43 Prozent der Berufstätigen hierzulande fühlen sich abgearbeitet und verbraucht. Das sagen zwar vor allem Beschäftigte im höheren Erwerbsalter. Auffällig ist aber, dass auch 37 Prozent der Beschäftigten unter 40 das Gefühl bereits kennt. Insgesamt macht sich fast ein Fünftel der Berufstätigen Sorgen, das Arbeitstempo nicht mehr mithalten zu können.

Staatliche Regulierungen für die Betriebe sehen sowohl Baas als auch Stanislawski kritisch. "Wir brauchen eine Unternehmenskultur in den Betrieben, die es den Menschen ermöglicht, gesund zu arbeiten, zu regenerieren und Familie und Beruf in Einklang zu bringen. Dazu gehört auch, dass Feierabend ist mit der ständigen Erreichbarkeit," so der TK-Chef.

Stanislawski: "Die Unternehmen brauchen die Möglichkeit, flexibel agieren zu können, zum Beispiel wenn viel los ist, in der Urlaubszeit oder wenn jemand krank wird. Wichtig ist, dass die Beschäftigten aber auch wissen, dass das auch wieder ausgeglichen und nicht immer mehr gefordert wird. Das ist eine Frage der Haltung, das lässt sich nicht verordnen."

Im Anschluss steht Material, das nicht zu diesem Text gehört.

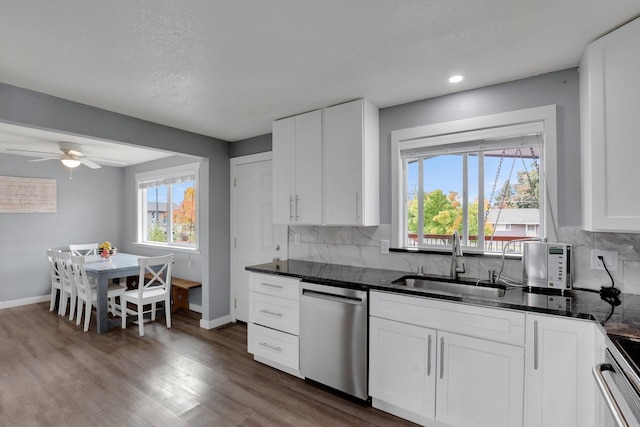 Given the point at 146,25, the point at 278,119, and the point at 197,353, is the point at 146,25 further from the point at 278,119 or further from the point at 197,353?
the point at 197,353

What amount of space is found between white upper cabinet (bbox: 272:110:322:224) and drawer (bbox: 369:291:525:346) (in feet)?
3.44

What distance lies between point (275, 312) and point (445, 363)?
148cm

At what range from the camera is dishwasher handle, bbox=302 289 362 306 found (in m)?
2.29

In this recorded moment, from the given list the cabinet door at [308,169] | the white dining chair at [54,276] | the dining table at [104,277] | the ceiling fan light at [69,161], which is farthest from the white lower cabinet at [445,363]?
the white dining chair at [54,276]

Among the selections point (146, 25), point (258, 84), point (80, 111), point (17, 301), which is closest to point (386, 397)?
point (258, 84)

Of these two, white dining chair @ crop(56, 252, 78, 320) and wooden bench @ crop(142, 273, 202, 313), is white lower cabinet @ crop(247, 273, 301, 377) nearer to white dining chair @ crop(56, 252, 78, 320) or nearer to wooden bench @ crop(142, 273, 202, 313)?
wooden bench @ crop(142, 273, 202, 313)

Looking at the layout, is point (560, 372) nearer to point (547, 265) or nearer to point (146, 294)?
point (547, 265)

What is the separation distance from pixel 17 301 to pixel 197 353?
12.8 feet

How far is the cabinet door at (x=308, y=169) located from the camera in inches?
112

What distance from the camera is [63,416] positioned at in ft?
7.11

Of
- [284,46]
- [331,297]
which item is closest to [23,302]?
[331,297]

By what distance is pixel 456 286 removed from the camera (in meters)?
2.33

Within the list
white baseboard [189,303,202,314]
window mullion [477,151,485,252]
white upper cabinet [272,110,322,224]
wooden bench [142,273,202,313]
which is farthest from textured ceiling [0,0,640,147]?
white baseboard [189,303,202,314]

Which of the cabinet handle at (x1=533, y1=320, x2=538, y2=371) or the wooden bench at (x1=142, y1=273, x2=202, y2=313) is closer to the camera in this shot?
the cabinet handle at (x1=533, y1=320, x2=538, y2=371) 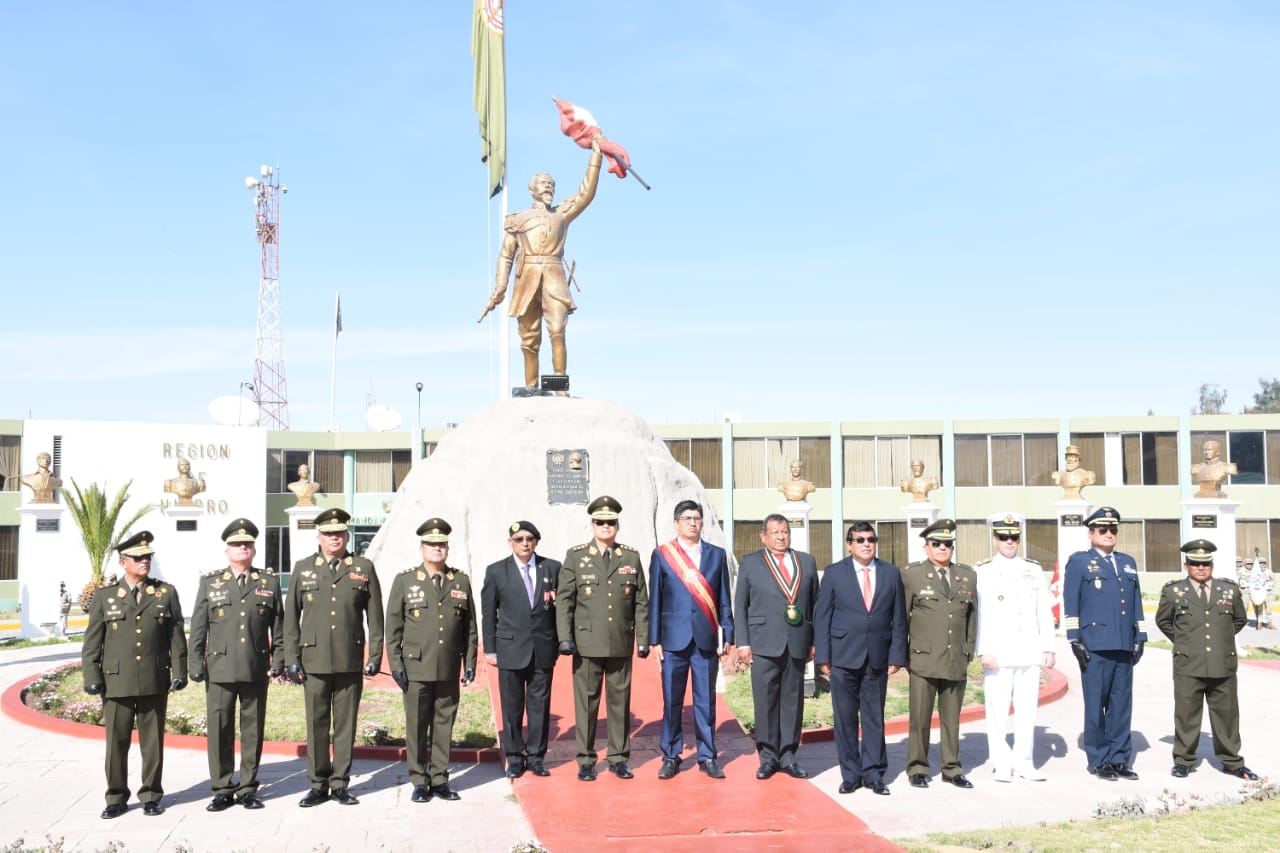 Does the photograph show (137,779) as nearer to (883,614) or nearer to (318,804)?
(318,804)

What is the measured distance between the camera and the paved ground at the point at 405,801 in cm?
677

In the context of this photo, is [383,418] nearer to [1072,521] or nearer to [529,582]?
[1072,521]

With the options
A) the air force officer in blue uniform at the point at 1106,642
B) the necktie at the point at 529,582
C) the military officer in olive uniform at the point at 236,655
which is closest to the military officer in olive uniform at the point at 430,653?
the necktie at the point at 529,582

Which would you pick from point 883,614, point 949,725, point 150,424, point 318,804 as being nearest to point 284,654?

Auch bei den Berufstätigen spielt die Einstellung offenbar eine große Rolle: 42 Prozent sagen, dass beruflicher Stress sie eher anspornt als belastet. "Ob man Stress als Herausforderung oder als Belastung empfindet, hängt offenbar damit zusammen, ob man eine Aufgabe hat, die Spaß macht", so TK-Experte Wendt. Das können immerhin sieben von zehn Berufstätigen von ihrer Arbeit sagen, knapp ein Viertel sieht den Job nur als Broterwerb, und für einen von 20 ist der Beruf reiner Frust.